Raised in Oregon but now based in London, 17-year-old artist Nyah Grace demonstrates her world class potential with the release of her debut single ‘Black Coffee’.
Citing the likes of Lauryn Hill, Billie Holiday, D’Angelo and Ella Fitzgerald as influences, ‘Black Coffee’ sounds like an artist with years of experience behind her. Nyah’s voice is the star of the show: rich, evocative, tender and sensual, it’s a remarkable gift for any artist, let alone one so young. The spacious, organic production complements that voice, but what’s most surprising of all is that ‘Black Coffee’ is just the third full song that she ever wrote, back when she was 14-years-old.

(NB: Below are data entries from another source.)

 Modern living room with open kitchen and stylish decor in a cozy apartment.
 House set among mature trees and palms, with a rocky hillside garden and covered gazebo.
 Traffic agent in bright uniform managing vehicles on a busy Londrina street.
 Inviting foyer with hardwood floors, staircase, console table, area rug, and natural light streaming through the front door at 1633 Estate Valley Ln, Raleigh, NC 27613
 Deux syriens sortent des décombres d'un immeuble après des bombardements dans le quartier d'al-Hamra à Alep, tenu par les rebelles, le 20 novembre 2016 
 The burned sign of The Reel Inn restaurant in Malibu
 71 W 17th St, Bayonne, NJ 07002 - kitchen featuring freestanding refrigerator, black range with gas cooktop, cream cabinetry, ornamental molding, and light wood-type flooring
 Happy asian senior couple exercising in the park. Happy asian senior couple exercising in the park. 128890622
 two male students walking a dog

“I started writing it about a friend who I stopped being friends with,” she recalls. “It could be interpreted as being about a boyfriend, but it’s mostly about growing apart in a relationship. You’d like for there not to be that distance between you, but little things like black coffee remind you of them.”

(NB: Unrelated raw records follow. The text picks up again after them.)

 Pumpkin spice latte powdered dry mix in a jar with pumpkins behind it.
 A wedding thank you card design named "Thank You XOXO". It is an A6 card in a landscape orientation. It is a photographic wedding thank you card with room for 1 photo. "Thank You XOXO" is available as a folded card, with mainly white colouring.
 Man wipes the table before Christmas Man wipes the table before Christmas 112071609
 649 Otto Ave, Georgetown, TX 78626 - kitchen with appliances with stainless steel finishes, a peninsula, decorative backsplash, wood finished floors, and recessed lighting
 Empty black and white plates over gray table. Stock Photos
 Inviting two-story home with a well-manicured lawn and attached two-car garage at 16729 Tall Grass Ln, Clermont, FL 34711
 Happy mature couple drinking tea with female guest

The song’s meaning has continued to evolve for Nyah since it was first written. She grew up in Monmouth, Oregonto a family steeped in the farming tradition – although her great aunt was a hugely successful backing vocalist in the ‘70s, singing for Chic at their peak. Her parents had some interest in music (‘80s hits for her mum, old school rap for her dad), but her destiny was shaped when she began singing lessons as a child and her teacher encouraged her to try some jazz standards. She’s been hooked ever since.
As she summarises, “Music is something that I’ve always loved, it’s been so deeply ingrained in me since I was six. It’s my first and only passion.”

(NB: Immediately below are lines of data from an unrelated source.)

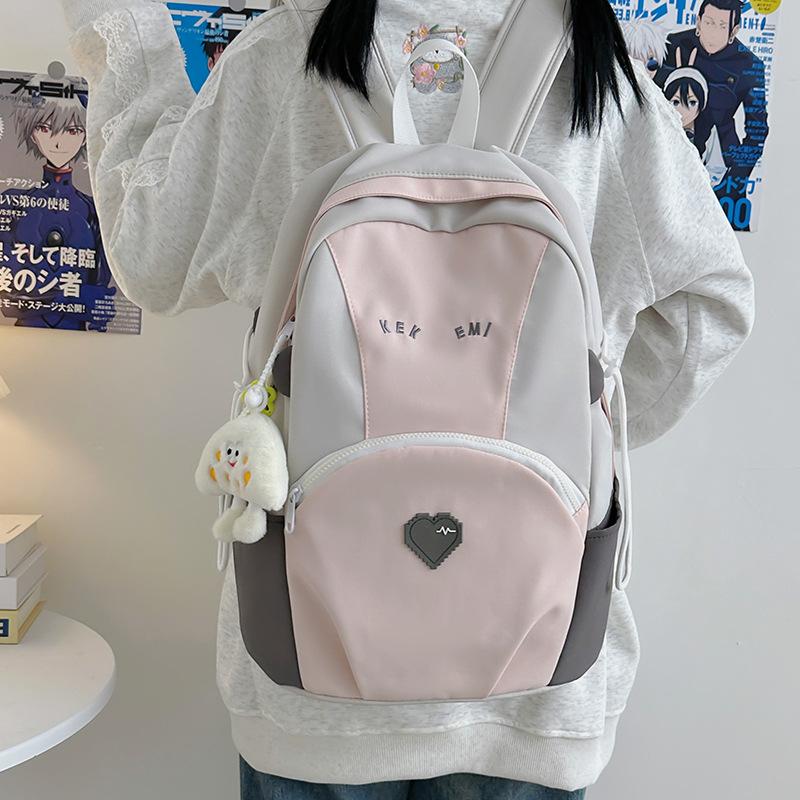 Exquisite and cute color matching large-capacity load reduction male and female student schoolbags 25 new casual size backpacks
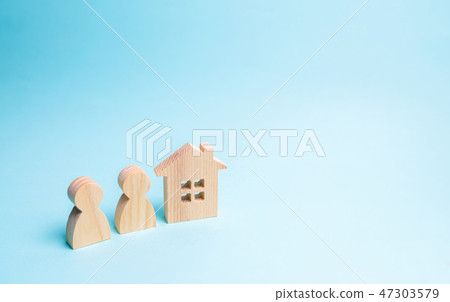 Two figures of people and a wooden house Two figures of people and a wooden house 47303579
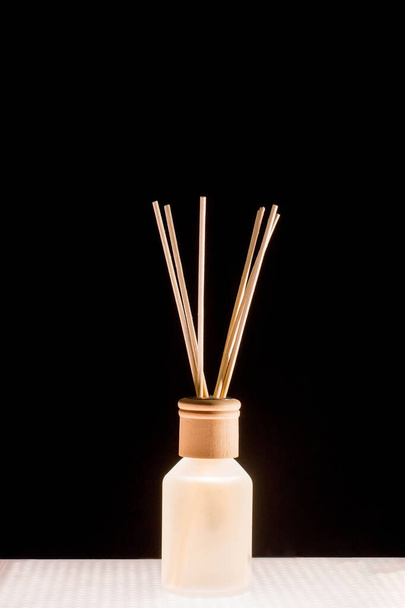 Fragrance for home. Aroma diffuser glass jar with aromatic liquid and bamboo sticks. - Foto, imagen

As Nyah grew older she discovered Lauryn Hill, D’Angelo and Estelle (who she recently covered on Instagram), artists whose neo-soul sound echoes the jazzy chord progressions of those early jazz icons. Nyah wanted to be a singer “but I didn’t think it was a rational dream” until her manager came on-board and introduced her to Steve Chrisanthou, the Grammy, Ivor Novello, BRIT and MOBO nominated producer/songwriter who’s best known for his work with Corinne Bailey Rae.
Nyah made several trips from Oregon to London (including The Dairy in Brixton with Michael Graves) and up to Chrisanthou’s studio in Hebden Bridge, Yorkshire. The result is a growing songbook mixing neo-soul, R&B and jazz as she continues to work on her debut album. She even spent a “nerve-wracking” session with Corinne Bailey Rae – one that was all the more memorable as she recalls singing along to ‘Put Your Records On’ as a child.
Another once-in-a-lifetime moment occurred when she featured on Al Gore’s broadcast ‘24 Hours of Reality: Protect Our Planet, Protect Ourselves’. As one of the youngest artists on an all-star bill spanning the Foo Fighters to The Lumineers, Nyah met both Al Gore and Bill Nye.
Realising that she was maximising her potential, Nyah made the life-changing decision to move to London on a full-time basis. “It’s definitely an adventure,” she admits, “but it’s way more fun than tough.” That dedication is already paying off. Not only has ‘Black Coffee’ been released, but it’s earned huge support from Caffé Nero, who are giving it regular airtime in every one of their 900 UK stores.